GIVEN RECORDS:
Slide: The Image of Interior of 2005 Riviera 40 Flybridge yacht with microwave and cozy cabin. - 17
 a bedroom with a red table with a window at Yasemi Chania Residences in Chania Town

---

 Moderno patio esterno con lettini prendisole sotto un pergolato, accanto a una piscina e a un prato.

AIM OF THE TASK: Reprint exactly the lines above that start at the one with "Slide: The Image" and end at the one with "a bedroom with", keeping both and adding none.

WRITTEN RESPONSE:
Slide: The Image of Interior of 2005 Riviera 40 Flybridge yacht with microwave and cozy cabin. - 17
 a bedroom with a red table with a window at Yasemi Chania Residences in Chania Town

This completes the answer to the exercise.